[Ed. note: This story has been updated with an expanded statement from Epic.]
On an audio recording posted to Reddit by an anonymous user on Monday night, a person identified as Epic president Carl Dvorak is heard to say that one responsibility of the company’s diversity, equity and inclusion team would be to “expunge” employee “groupthink” at the health IT giant.
“I can see that sometimes there’s gonna be an effort to be lobbyists or to kind of groupthink: ‘Let’s band together and force the company.’ I don’t see that as part of a role for DEI,” said the person alleged to be Dvorak on the recording.
“If anything, I actually see this team’s partial responsibility is to expunge that from the workplace – refocus people to go to their community efforts around those topics, those issues, but not to allow, or to encourage, or even to turn a blind eye to misuse of company time and resources,” he continued.
“It’s OK to have passions, but not here.

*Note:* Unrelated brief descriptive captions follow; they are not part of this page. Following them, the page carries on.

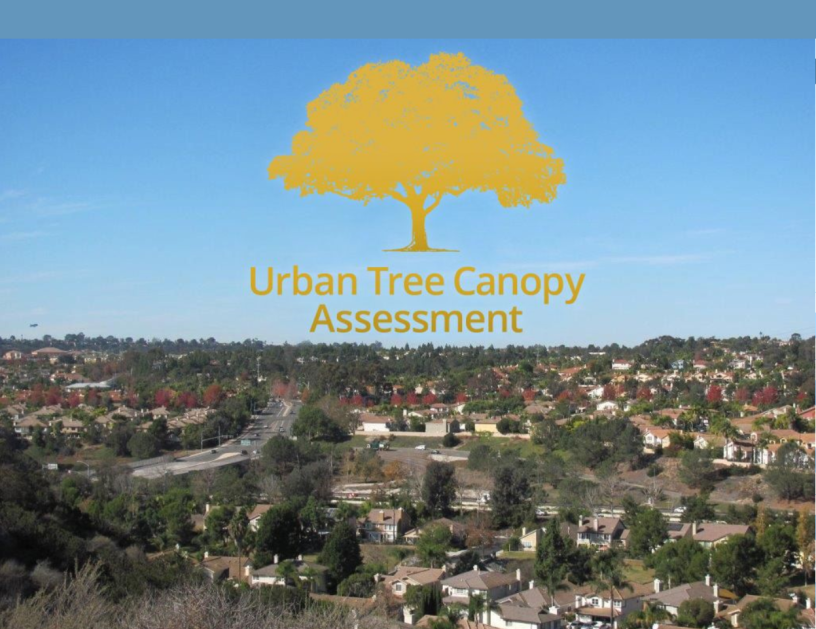 Urban Canopy Story Map 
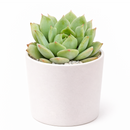 buy echeveria mindo ilin live air plant 2 inch online, delicate rose-mauve colored leaves with silvery undertones create elegant appearance, tiny compact rosette form reaches only 2-3 inches in diameter, extremely easy care requiring bright light and sparse watering schedule, produces pale pink flowers atop thin stems during blooming season, charming succulent collection starter plant, lovely gift for plant enthusiasts seeking rare varieties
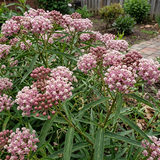 Narrowleaf Milkweed Seeds Perennial Tall Single for Butterfly Gardens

This isn’t the platform to fight for your social causes, not the platform to fight for your – any cause, really, other than the cause that we come together for work,” according to the audio recording. “There just comes a moment where you have to say ‘Work is work, personal life is personal life.'”
An Epic spokesperson said in response to requests for comment that the conversation had taken place during the summer of 2020, when company leadership met with the DEI council to determine the group’s charter.
“That summer was obviously a difficult, high-tension time for our country, and one of the meeting’s objectives was to discuss the council’s role in helping our staff,” said the spokesperson.
“The audio clip reflects a small part of a larger discussion around preventing bullying and harassment at Epic, and it captures only some of Carl’s point that bullying is never the right thing to do,” the spokesperson continued.
“While bullying is rare at Epic, he stressed that it wouldn’t be tolerated, and asked the DEI council’s help to ‘expunge’ it if it occurred,” they said.
When asked whether bullying had taken place regarding diversity, equity and inclusion, the spokesperson initially classified the discussion as “preventative,” “based on what was taking place around the country.” After publication, the spokesperson clarified that the discussion related to a staff member being bullied because she was married to a police officer.
“Epic is proud of the work that the DEI Council is doing, and we fully support both the progress they’ve made and what they hope to achieve in the future,” said the spokesperson.
The formation of the Diversity Council
“The DEI presentations today made me sick. Epic claims to care but [it’s] all a show,” said the anonymous poster. “Checkout [sic] this recording of Carl saying what the DEI council is really here to do: say no to DEI at Epic.”
A former employee with knowledge of the presentations in question told Healthcare IT News that they had taken place during a staff meeting and regarded the goals of the diversity council concerning software, work environment, recruiting, communication and community engagement.
The efforts included customer activities around accurate data collection and software interventions to promote equity, along with updates on workplace training and volunteering opportunities focused on diversity in STEM education.
Earlier this year, a group of employees raised concerns about Epic’s handling of internal diversity issues. They said their efforts to lead grassroots DEI efforts had been stymied, and pointed to what they saw as a lack of institutional commitment to diversity.
Epic noted at the time that it had created its diversity council last summer, tasking a group of employees with implementing an “inclusive and equitable work environment,” in addition to their full-time jobs.
“When we formed the Diversity Council in July 2020, we considered a variety of approaches, including creating an individual role … or establishing a council,” said Jesse McCormick, a member of the council, in a statement provided to Healthcare IT News in March.
“We decided to proceed with a council, because we think we can be most effective when multiple roles, identities and experiences are represented and when we can work as a team, rather than placing the responsibility on a single individual.”
According to McCormick, the council’s goals include maintaining software that “enables our community members to provide inclusive and equitable care.”
“If an employee has a concern related to diversity, equity or inclusion in the workplace, they can escalate that to their manager, other managers on their team, the personnel team, the Diversity Council, individual council members, specific representative [team leads] within Employee Resource Groups and many others,” said McCormick.
The formation of the council followed an email sent by Dvorak in June 2020 directed at DEI-focused employee groups, warning against unconfirmed plans for a virtual walkout aimed at supporting Black Lives Matter.